In the 15 years since September 11, first under Bush, and to a more extreme degree under Obama, the US has refused to name the enemy that fights America with the expressed aim of destroying it.

US President Barack Obama in the Oval Office at the White House [File]. (photo credit: Reuters)
As far as the White House is concerned, Jeffrey Goldberg, The Atlantic’s top reporter, is President Barack Obama’s unofficial mouthpiece.
This was one of the many things we learned from The New York Times in David Samuels’s profile of Deputy National Security Adviser Ben Rhodes.
In the course of explaining how Rhodes was able to sell Obama’s nuclear deal with Iran, despite the fact that it cleared Iran’s path to a nuclear arsenal while giving the world’s leading state sponsor of terrorism more than a hundred billion dollars, Samuels reported that “handpicked Beltway insiders like Jeffrey Goldberg of The Atlantic… helped retail the administration’s narrative.”
Given his White House-assigned role, Goldberg’s explanation of Obama’s refusal to discuss radical Islam is worthwhile reading. It reflects what Obama wants the public to believe about his position.
On Wednesday Goldberg wrote that in Obama’s view, discussing radical Islam is counterproductive because it harms the moderates who need to stand up to the radicals.
“Obama,” he wrote, “believes that [a] clash is taking place [not between Western and Muslim civilization but] within a single civilization, and that Americans are sometimes collateral damage in this fight between Muslim modernizers and Muslim fundamentalists.”
Pointing out that there are Muslim fundamentalists, Obama has argued to Goldberg, will only strengthen them against the modernizers.
Over the past week, prominent conservative commentators have agreed with Obama’s position.
Eli Lake from Bloomberg and Prof. John Yoo writing in National Review, among others, criticized presumptive Republican presidential nominee Donald Trump for speaking openly about  radical Islam. Like Goldberg, they argued that Trump’s outspokenness alienates moderate Muslims.
But what moderate Muslims is Obama trying to help? Consider his treatment of Egyptian President Abdel Fattah al-Sisi.
Sisi is without a doubt, the most outspoken and powerful advocate of a moderate reformation of Islam, and of Islamic rejection of jihad, alive today.
Sisi has staked his power and his life on his war to defeat the Muslim Brotherhood, Islamic State and jihadist Islam in general.
Sisi speaks openly about the danger of jihadist Islam. In his historic speech before the leading Sunni clerics at Cairo’s Al-Azhar University on January 1, 2015, Sisi challenged the clerics to reform Islam.
Among other things he said, “I address the religious clerics. We have to think hard about what we are facing…. It is inconceivable that the thinking that we hold most sacred should cause the entire Islamic nation to be a source of anxiety, danger, killing and destruction for the rest of the world.
Impossible! “That thinking – I am not saying ‘religion,’ but ‘thinking’ – that corpus of texts and ideas that we have held sacred over the years, to the point that departing from them has become almost impossible, is antagonizing the entire world!…

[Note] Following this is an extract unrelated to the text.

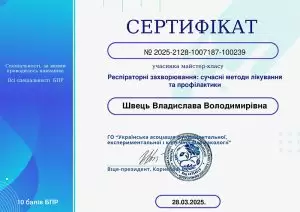 сертифікати Швець Владиславадитячий отоларинголог (ЛОР)Відео візитка ЛОР-лікаряДосвід роботи: 5 роківПроводить класичний інструментальний огляд і ендоскопічне обстеження ЛОР-органів (ніс, носоглотка, гортань) у дітей і дорослих, працює за принципами доказової медицини.Безкоштовно задати питання спеціалісту Швець Владиславі Володимирівні можна тут:Контактна інформаціяЛікар приймає за адресою:м Біла Церква, вул. Шевченко, 1461-й поверх (біля супермаркету АТБ)Телефон+38 (067) 234-89-88Робочі дні:Уточнюйте при записіШвець Владислава Володимирівна — дитячий отоларинголог (ЛОР) центру «Беттертон»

“Is it possible that 1.6 billion people [Muslims] should want to kill the rest of the world’s inhabitants – that is 7 billion – so that they themselves may live? Impossible! “I say and repeat again that we are in need of a religious revolution. You imams are responsible before Allah. The entire world, I say it again, the entire world is waiting for your next move…because this Islamic nation is being torn, it is being destroyed, it is being lost – and it is being lost by our own hands.”
Certainly since September 11, 2001, no Muslim leader has issues a clearer call for moderation in Islam than Sisi did in that speech. And he has continued to speak in the manner ever since.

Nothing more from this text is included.